━━ SOURCE MATERIAL

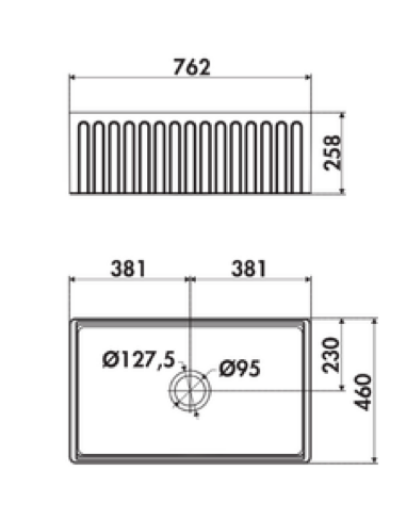 medidas fregadero cerámica Louis I le Grand con rejilla y tabla cortar estilo vintage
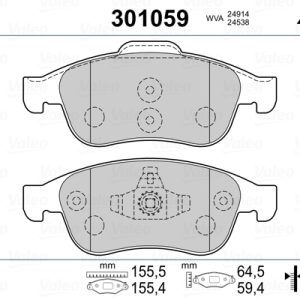 Placute frana MITSUBISHI COLT VII hatchback (VB_) 1.6 Hybrid (VBEH6) benzina/elector 143 cai VALEO 301059
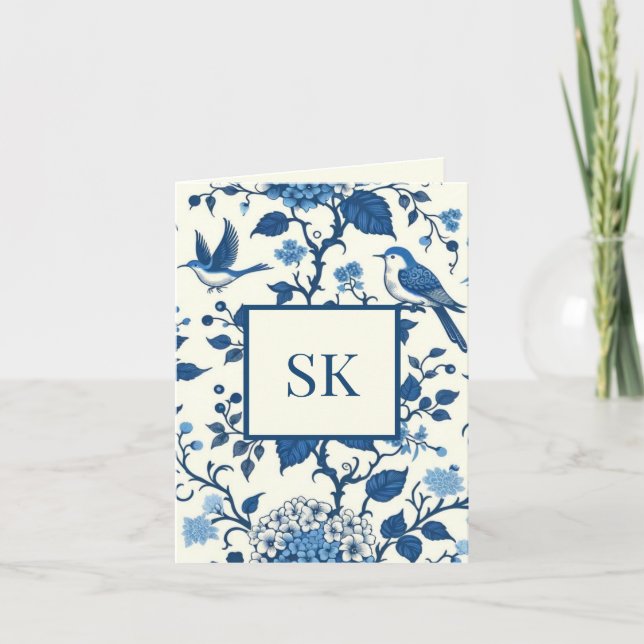 Anpassningsbar Monogram Chinoiserie Blue and White Anteckningskort (Framsida)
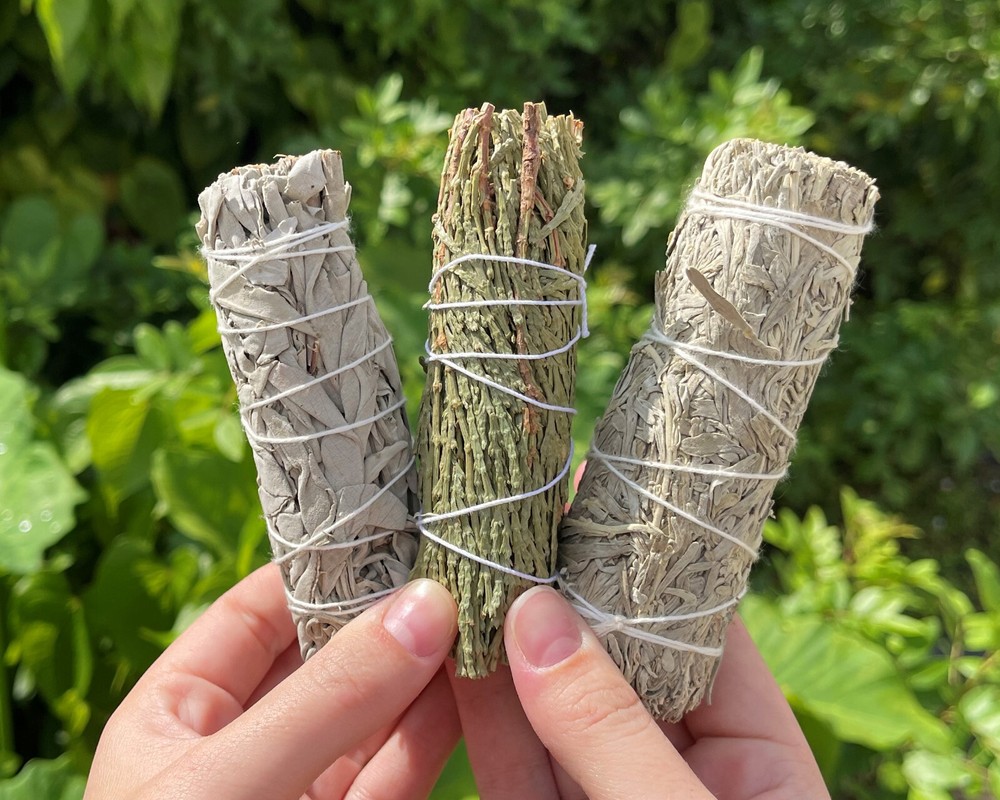 Smudge Kit: Abalone Shell, Cedar, Blue Sage, White Sage Smudge, Feather & Stand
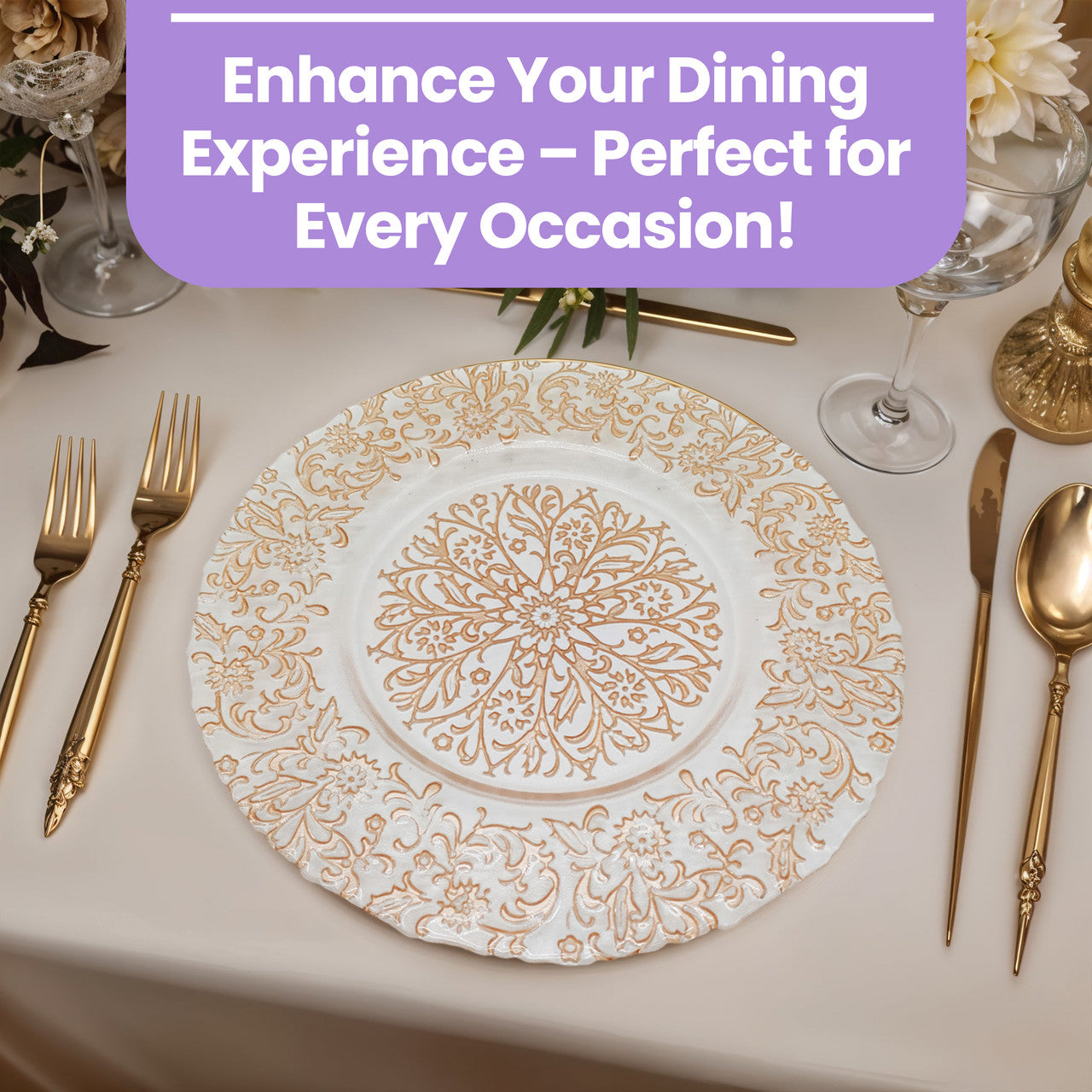 Round Charger Plate - Royal Rose Gold x 6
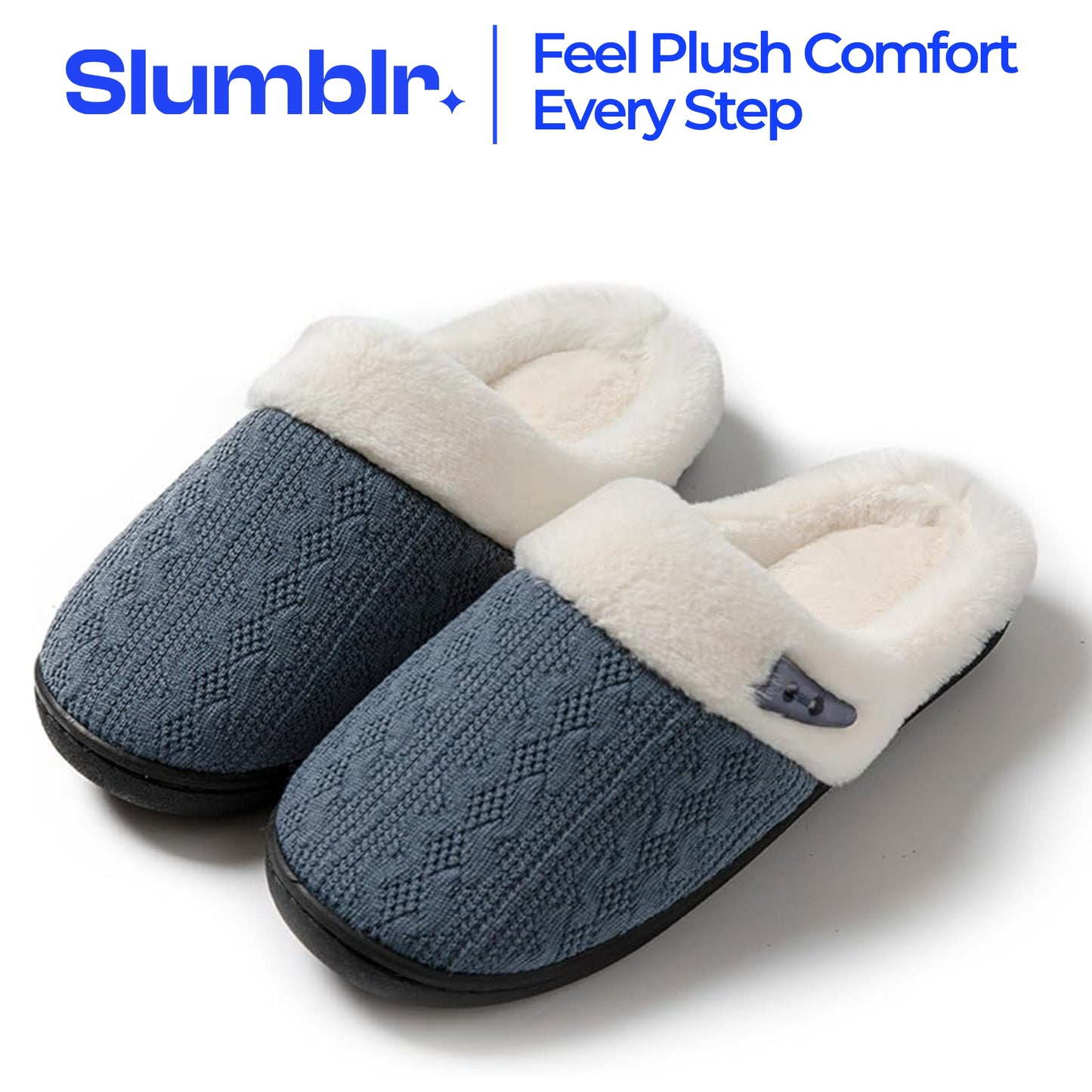 Slumblr® Fluffy Plush House Slippers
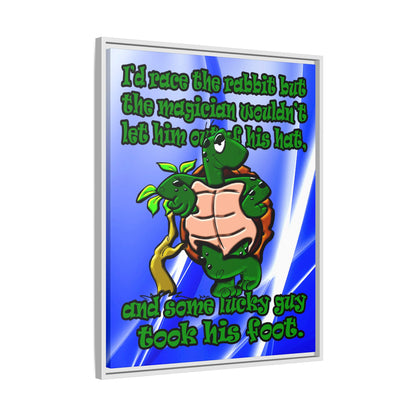 turtle race - framed canvas art (blue-white wave)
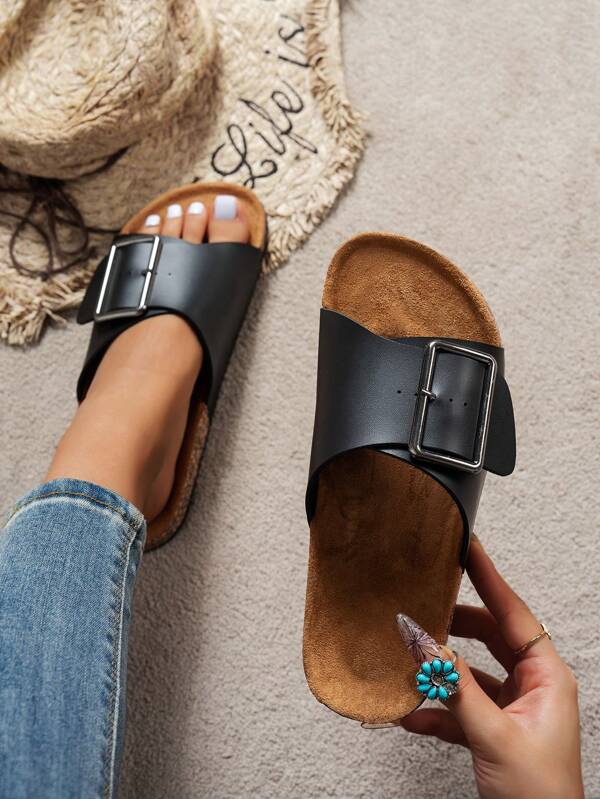 Mädchen Lässig Flache Sandalen, bequemes Kunstleder, Metallschnalle, leicht und komfortabel, geeignet für alle Jahreszeiten, Lässig Sandalen | Sandalen mit Metallschnalle | Verstellbarer Riemen Sandalen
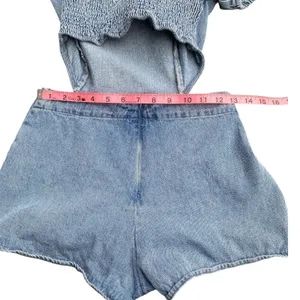 Altar'd State Y2K Festival Summer square neck puff sleeve cut out waist Denim Romper size S thumbnail 12
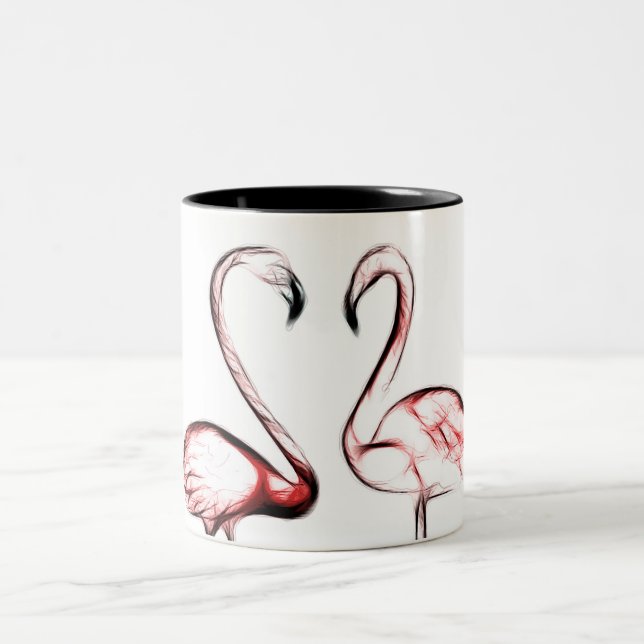 Peach Pink Flamingos Flamingo Tropical Two-Tone Coffee Mug (Center)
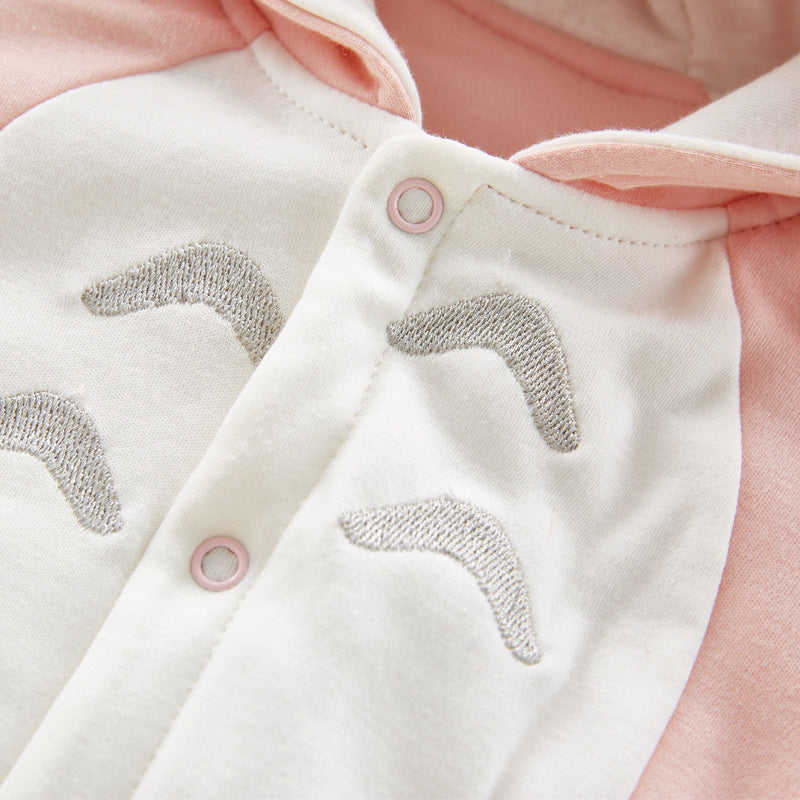 Oluuu. Neuer Baby Romper – Dick gepolstert, Chinilla-Kapuze, aus Baumwolle für Neugeborene – Perfekt zum Klettern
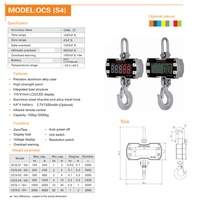 Báscula de Grúa de Precisión Impermeable, Capacidad de 100 kg, Pantalla LCD/LED de 115 mm, Tara Remota para Pruebas en Laboratorios Húmedos, OEM ODM Junebreath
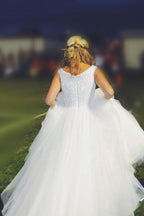 Vestido de novia NumberSea de tul, corte A, largo hasta el suelo, con pedrería, MW620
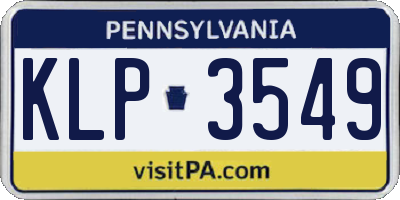 PA license plate KLP3549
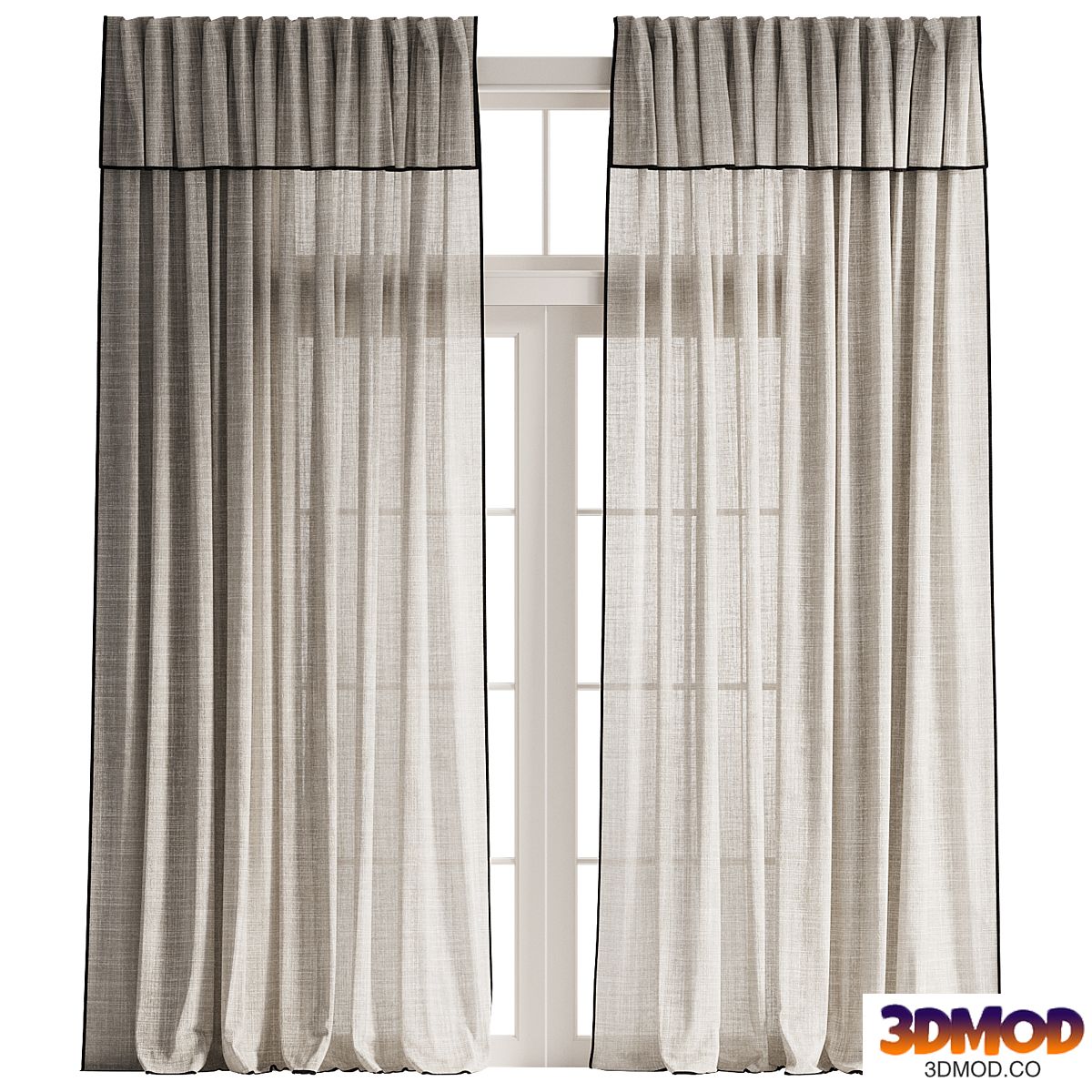 Black Trim Linen Curtains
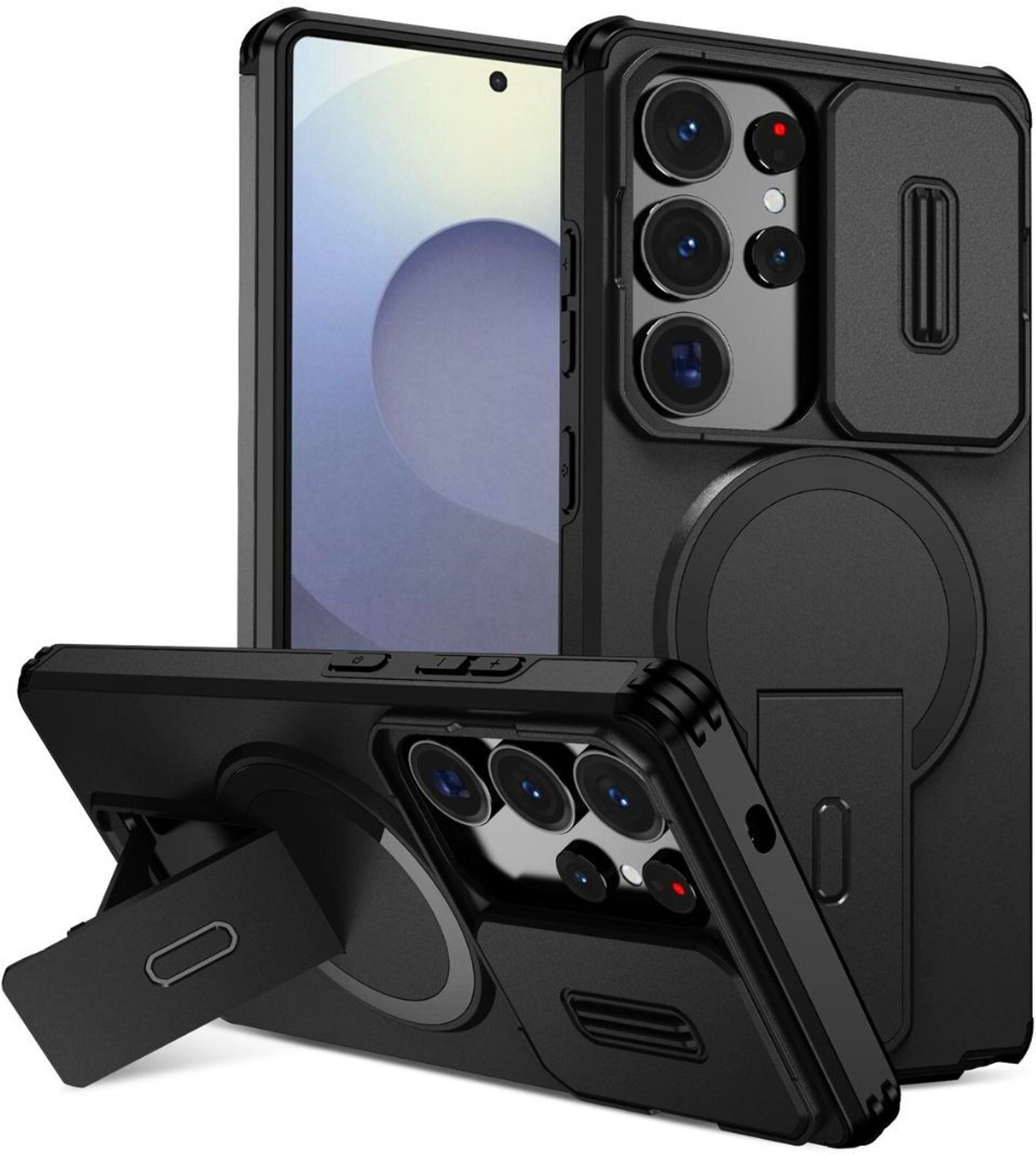 Image of ShieldTech Back Cover for Samsung Galaxy S25 Ultra 5G, Stand Shockproof Magsafe (Black, Magsafe, Polycarbonate, Thermoplastic Polyurethane, Pack of: 1)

━━━━

_TASK TO COMPLETE:_
Leaving out the pictures, please output the lines in the entries above from the one with "Vestido de novia" through the one with "Black Trim Linen Curtains", exactly as they are.

_OUTPUT:_
 Vestido de novia NumberSea de tul, corte A, largo hasta el suelo, con pedrería, MW620
 PA license plate KLP3549
 Black Trim Linen Curtains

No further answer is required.